CHICAGO (PAI) — Four years ago, Araceli Romero’s son Julio developed a serious infection. Romero, a laundress at Resurrection Medical Center in Chicago — flagship of one of the nation’s largest Catholic health care medical chains — had no health insurance. On what Resurrection paid, she couldn’t afford it.

First, Romero tried to get her teenage son private care by taking him to clinics, but the money soon ran out. Eventually, she had to turn to public programs. An illness that should have been cured in weeks instead afflicted Julio for three months.

Executives of Resurrection Health Care (RHC) hospitals pay themselves lavish salaries while housekeepers, laundry and food service workers earn meager wages that mire them in poverty and leave them unable to support their families, according to a new report released here Aug. 6 by AFSCME Council 31.

“Coming Up Short: Resurrection Health Care’s Distorted Pay Priorities,” says RHC, the second largest nonprofit hospital system in the Chicago metropolitan area, skews its pay structure so the compensation of its executives significantly exceeds national norms while the wages of patient-support staff fall far short of living wage standards in the area.

Workers are fighting back by trying to form a union with AFSCME Council 31. “The low wages paid to these Resurrection workers are shameful, particularly when contrasted with the salaries the company’s top executives pay themselves,” declared Roberta Lynch, Council 31 deputy director.

“These are the workers who mop the floors, change the bedpans and launder the sheets, and Resurrection would simply grind to a halt without them,” Lynch said. “Yet these workers cannot even afford medical care at the very hospital at which they work.”

Romero, the worker who couldn’t afford to properly care for her son, told a press conference that, after working 11 years in the hospital laundry, she earns only $9.60 an hour. She told how laundry workers stand all day untangling wet, heavy sheets and lifting them into large bins. She related how many of her co-workers have injured their shoulders, backs and wrists.
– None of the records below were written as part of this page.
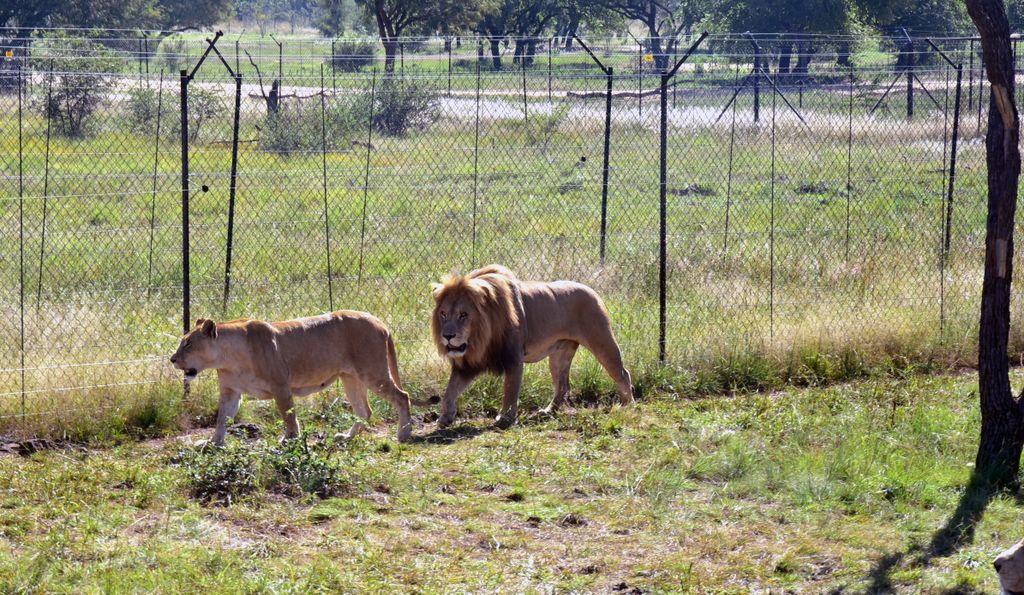 Löwen im Lion & Safari Park
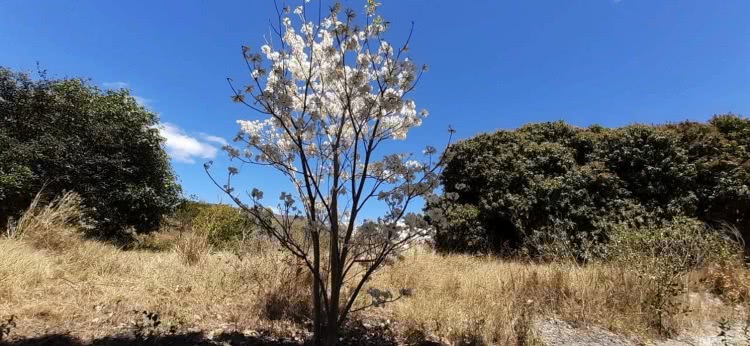 As belas paisagens caatingueiras do sertão semiárido têm direito a cuidados e proteção!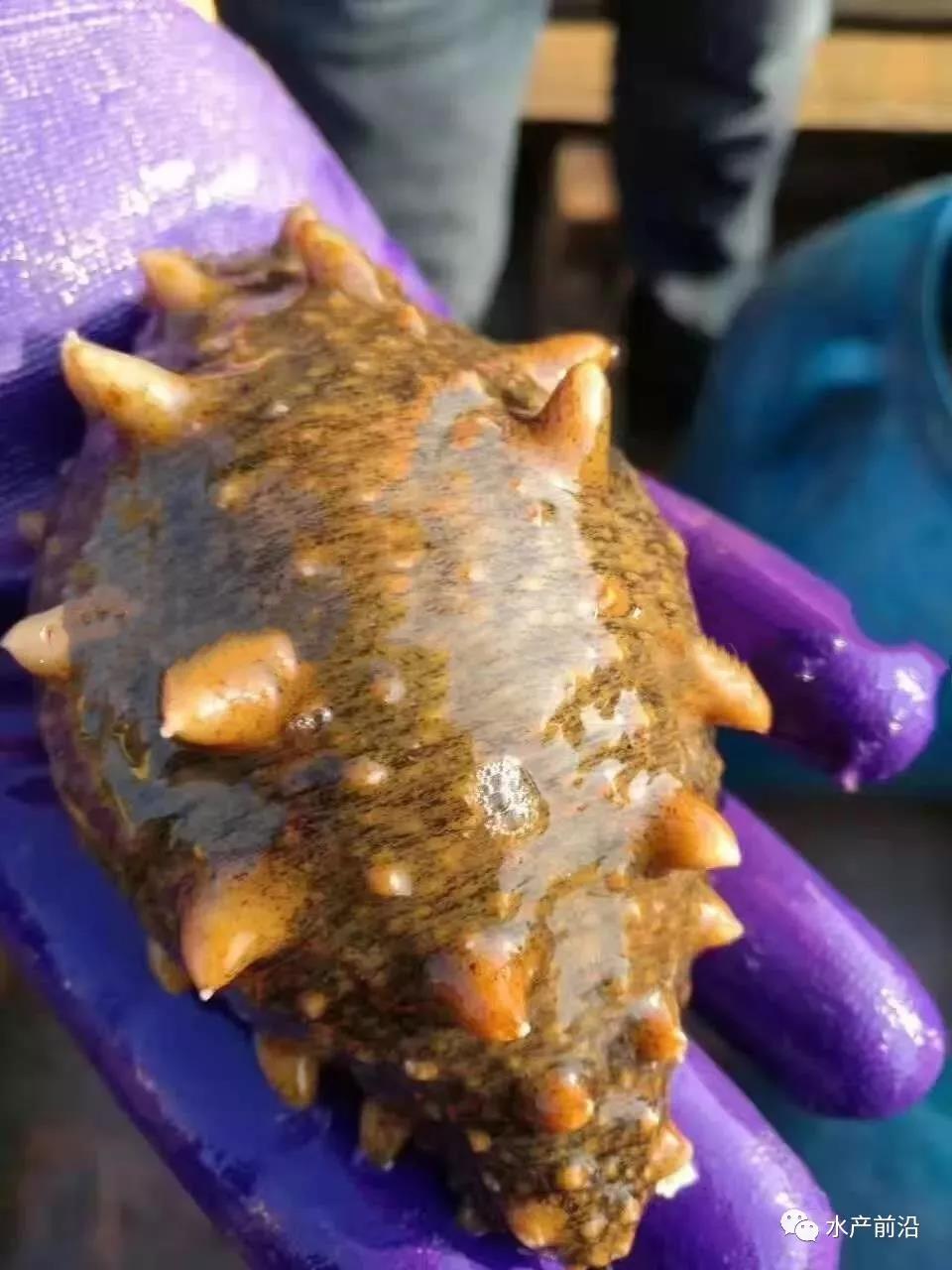 长海海参价格表,长海海参十大品牌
And while health care coverage costs one-sixth of a worker’s take-home pay, RHC’s CEO earned $1 million last year. The chain of 100 hospitals, nursing homes and other facilities earned, net, $5 billion over the last five years.

Resurrection’s poverty-level ways, compared with the lush pay of the nonprofit chain’s executives, are yet another reason that workers need the Employee Free Choice Act, Lynch and AFL-CIO Executive Vice President Linda Chavez-Thompson told a press conference.

“These workers have faced unremitting hostility” from their employers in the Catholic hospital chain, Lynch said. “They’re a potent example of why labor law reform is so needed” in the United States.

Chavez-Thompson added that without unionization, the Resurrection workers “are faced with a stark choice: health care or food.”

The union is demanding that the hospital stop stonewalling and work out a process whereby workers can have their legitimate desire, to organize with AFSCME, recognized without management harassment, intimidation and violations of labor law.

AFSCME has tried to bring outside pressure on Resurrection as well, including petitions from religious leaders and contacts with the Catholic hierarchy. When the workers attempted to present a petition with 200 names on it, demanding higher wages, to the health care system’s board, their delegation — including “lifelong Catholic” Chavez-Thompson — were “unceremoniously escorted out,” she said.

And pro-worker Father Larry Dowling said Resurrection’s anti-union stand, low wages and resulting low quality of care “violate Catholic social teachings.”

National Labor Relations Board charges that the hospital illegally intimidated and interrogated a petition drive leader are putting additional pressure on the hospital. Lynch said the union has even contacted the IRS to ask about the hospital’s nonprofit status.

All of this is designed to help workers like Romero, who in the meantime has to struggle along on $9.60 an hour in this expensive city. “Four years ago, we had to move” to a cheaper home, though still in a middle-class Chicago neighborhood, she says. “The kids have to do without clothes and medicine. But the main issue is, they [Resurrection] need to look at us like we’re human beings, not workhorses.”

John Wojcik contributed to this story.